Civil Appellate Jurisdiction F.A. No. 102 of 2002

Hon'ble Bench

Mahemmed Habeeb Shams Ansari, J; Joytosh Banerjee, J

Advocates

Jayashree Banerjee and Jayeeta Chakraborty, for the Appellant;Asok Banerjee and Chandrani Chakraborty, for the Respondent

Acts Referred
  • Civil Procedure Code, 1908 (CPC) - Order 41 Rule 23
  • Special Marriage Act, 1954 - Section 10, 11, 12, 13, 13(2)

Judgement Text

Translate:

Mahemmed Habeeb Shams Ansari, J.@mdashInstant appeal is filed by the wife aggrieved by the judgment and decree dated December 21, 2001 passed by the learned Additional District Judge at Arambagh, Hooghly in Matrimonial Suit No. 1 of 2000 whereby and whereunder the suit field by the respondent-husband for declaring the marriage registered under the Special Marriage Act, 1954 was decreed on contest and the marriage between the parties was thereby declared a nullity.

2. For the sake of convenience we shall refer to the appellant and the respondent, hereinafter, as the ''wife'' and the ''husband'' respectively.
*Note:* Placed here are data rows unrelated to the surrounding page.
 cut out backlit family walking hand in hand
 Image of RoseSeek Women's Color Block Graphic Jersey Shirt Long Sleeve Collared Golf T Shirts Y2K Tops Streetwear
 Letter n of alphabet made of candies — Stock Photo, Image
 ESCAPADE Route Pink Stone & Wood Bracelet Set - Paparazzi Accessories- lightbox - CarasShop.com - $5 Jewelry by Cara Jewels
3. The suit was filed by the husband for declaration that the marriage between the appellant herein and the respondent is null and void. The marriage between the parties was registered under the Special Marriage Act on March 30, 1992. The relief for nullity of marriage is founded on three grounds. Firstly, on the ground that the husband belongs to ''Mahisya'' community whereas the wife belongs to ''Tili'' community with no prevalent social system of marriage in between the persons of the said two communities. Secondly, on the ground that the on March 30, 1992 when the husband was alone on the street certain unruly youngsters encircled and took him by force and without his consent to the office of the Sub-Registrar at Arambagh and by pressure tactics, threats and intimidations compelled him to put his signatures on some printed papers by force and fraud. It was asserted in the petition that the respondent-husband did not appear before the Special Marriage Officer for registration. Consequently, the marriage certificate dated March 30, 1992 is null and void. Thirdly, on the ground that the wife was underage.
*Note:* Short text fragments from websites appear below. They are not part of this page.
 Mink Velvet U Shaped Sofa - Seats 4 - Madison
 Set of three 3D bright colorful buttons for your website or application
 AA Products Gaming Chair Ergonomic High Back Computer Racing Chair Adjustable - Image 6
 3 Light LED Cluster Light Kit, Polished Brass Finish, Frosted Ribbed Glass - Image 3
4. The wife and her father, who were arrayed as the defendants, in the suit field a common written statement denying the material allegations. It was asserted that the date of both of the wife is May 12, 1972 and that the school record is not correct. While denying the allegation that the parties did not live together as husband and wife it was asserted that the marriage was consummated. Allegations as to fraud and coercion were specifically denied.

5. On the pleadings as many as five issues were framed, which are as under:

"1) Is the suit maintainable in the present form and prayer?
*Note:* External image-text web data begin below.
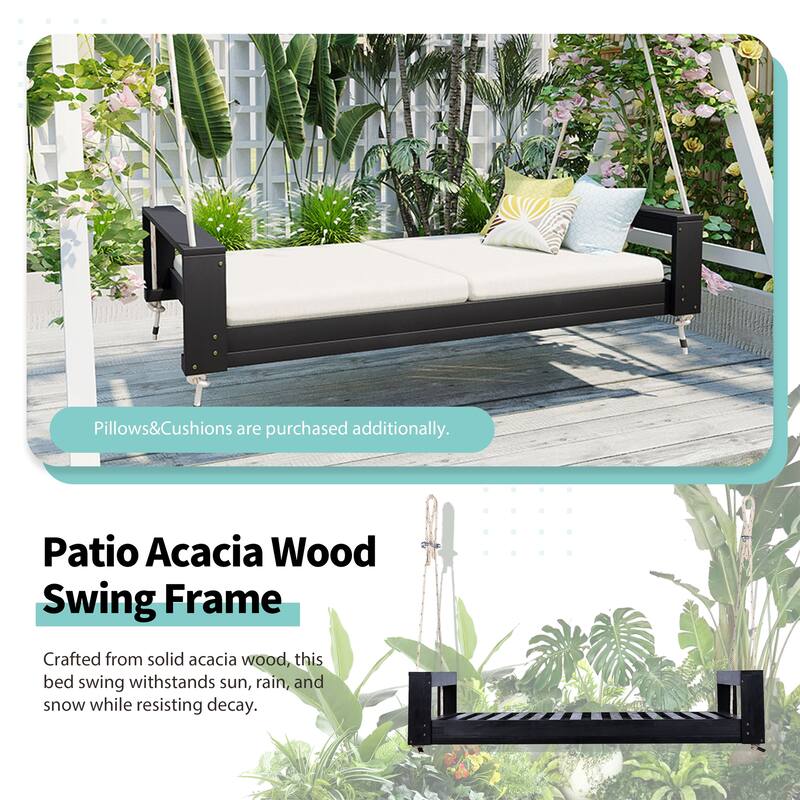 Twin Size Patio Acacia Wood Swing Frame with Hemp Ropes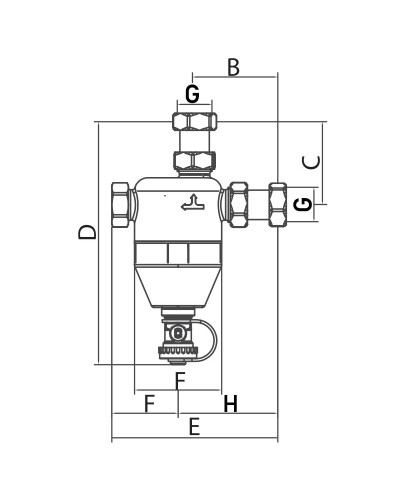 Сепаратор шламу з магнітом для котла Roho R680-075N - 3/4" (нікель) (RO0157)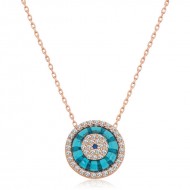 Gümüş Rose Camgöz Nazar Bayan Kolye Gümüş Rose Camgöz Nazar Bayan Kolye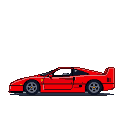 Red Ferrari F40 in side profile against a black background, rendered in pixel art.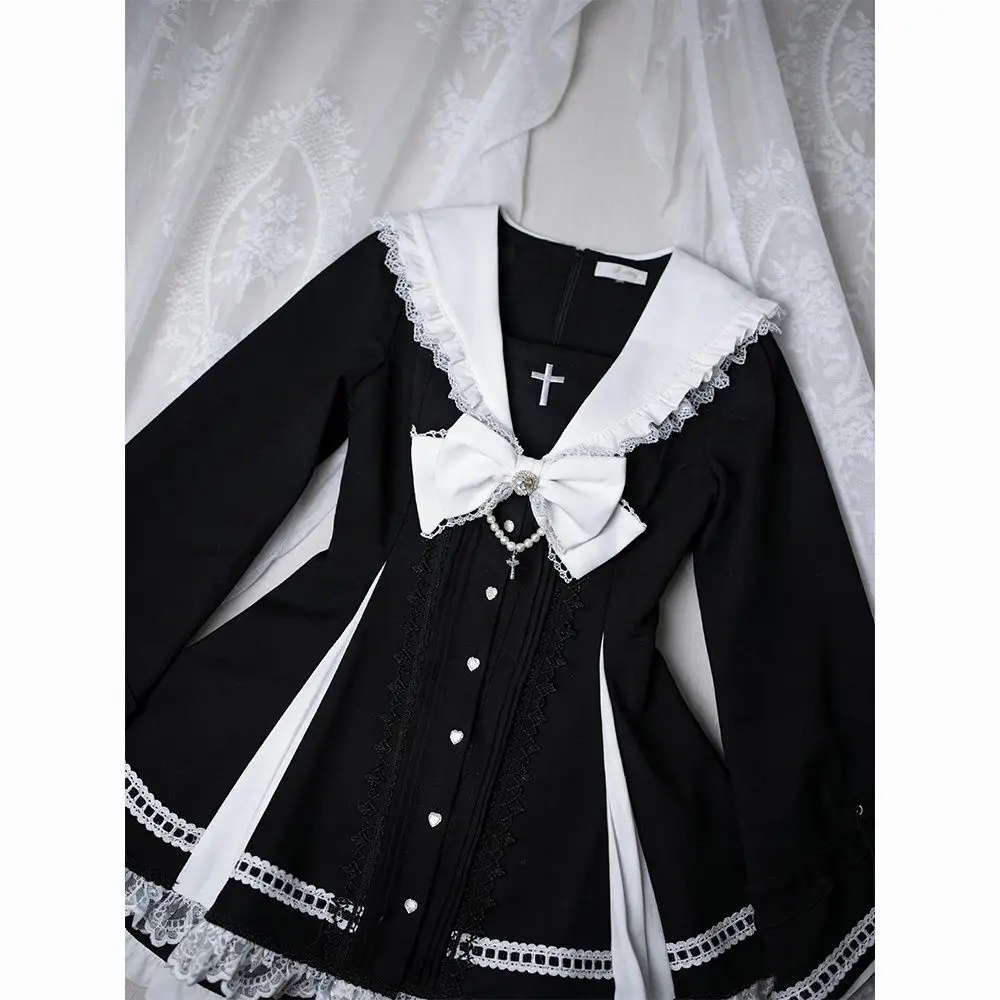 Coalfell Dark Night Gothic Subculture Japanese Style Bow Lace Stitching Slim Short Dress Shorts Suit Women Vintage Y2k Dress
2) Was the wife-respondent minor at the time of solemnisation and registration of the alleged marriage?

3) Is the marriage document executed before the Special Marriage Officer genuine, valid and legal?

4) Is the petitioner entitled to get a declaration regarding alleged nullity of the marriage?

5) To what relief the petitioner is entitled?"

6. In the judgment under appeal, learned Court below held that the respondent (appellant before us) was a minor at the time of marriage and that the marriage registration was done by taking signatures of husband (PW-2) on some printed papers forcibly and without his consent and thereupon held that the marriage is not valid according to law. It was further held that the marriage certificate (Ext 2) does not bear the signature of bridegroom and signature of the bride.

7. Thus, two questions arise for consideration in the present appeal. Firstly, whether the marriage between the parties is the result of fraud and coercion and thus voidable and to be annulled by a decree of nullity u/s 25 of the Act. The second question being whether the wife was a minor at the time of marriage on March 30, 1992 and therefore marriage is liable to be declared as null and void u/s 24 of the Act.

8. The foremost contention of Ms. Jayashree Banerjee, learned counsel for the appellant-wife is that the judgment under appeal reflects neither the contentions raised on behalf of the respective parties nor does it deal with the documents oral and/or documentary adduced by the respective parties to the proceedings. Learned Court below has merely proceeded on the basis of the pleadings of the petitioner-husband and the evidence adduced on his behalf. No finding or conclusion has been arrived at with regard to the evidence adduced on behalf of the wife, respondent, in the proceedings the learned Court below.

9. Mr. Asok Banerjee, learned counsel for the respondent, thereupon submitted that the appeal being a continuation of the suit. This Court is competent to consider the matter as it stands and give its own findings on the material available on record. According to Mr. Banerjee the evidence adduced on behalf of the respondent herein are sufficient to arrive at the conclusion which the learned Court below did. There is no evidence adduced on behalf of the respondent which can upset the said finding, it was contended. Mr. Banerjee has placed the pleadings, the evidence oral and/ or documentary on record. The judgment under appeal was also placed.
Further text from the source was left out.